1) Proposed and demonstrated the principle of active optical clock. Active optical clocks utilize a bad-laser cavity with cavity mode linewidth is much wider than that of the lasing gain profile. Compared with the recorded best super-cavity stabilized laser with PDH method, the center frequency of active optical clock is insensitive to the cavity-length noise, which is a formidable hurdle of available narrow linewidth laser light sources for next generation of optical clock with a linewidth of mHz. His group has established setups of active optical frequency standards based on lasing at 1469.9 nm in Cesium four-level configuration and lasing at 852 nm in Faraday laser configuration, and experimentally demonstrated the mechanism of lasing and suppressed cavity-pulling effect of active optical clock. The stability of best optical clocks may be improved by at least an order of magnitude using the mechanism of active optical clock.
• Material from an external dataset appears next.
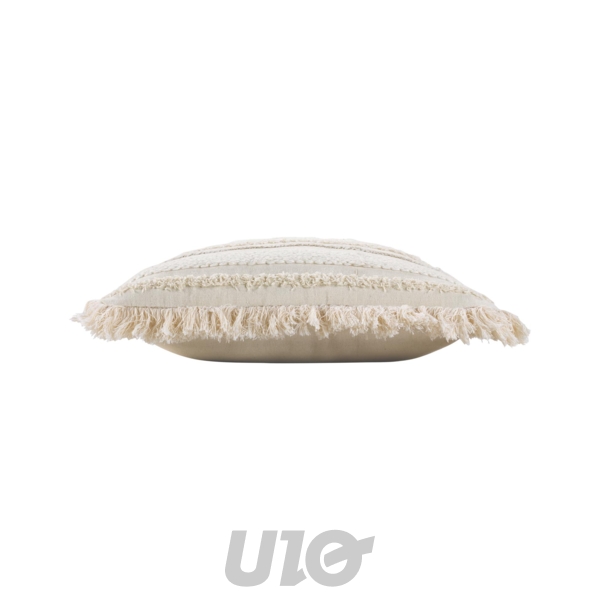 COUSSIN DEHOUS. COMPR. FRANGES 40 x 40 CM COTON TISSE ATLAS NATUREL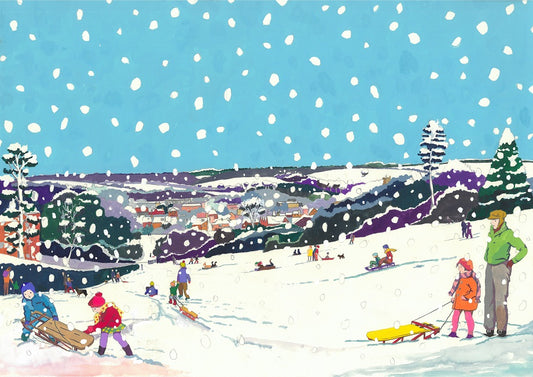 sledging in Berkhamsted Original Painting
2) Proposed and demonstrated the compact Calcium atomic beam optical frequency standard with electron-shelving detection, and compact Rb optical frequency standard. Atomic optical clocks have reached to E-18 level uncertainty, however, with huge volume size, which limits the application of optical clock outside the lab. His group has realized a Calcium atomic beam optical frequency standard with higher stability of 3.0E-14 at 1 s and 2.9E-15 at 200 s. Moreover, his group has demonstrated a compact Rb optical frequency standard with a preliminary stability of 1.2E?14 at 1 s and 2.1 E?15 at 80 s.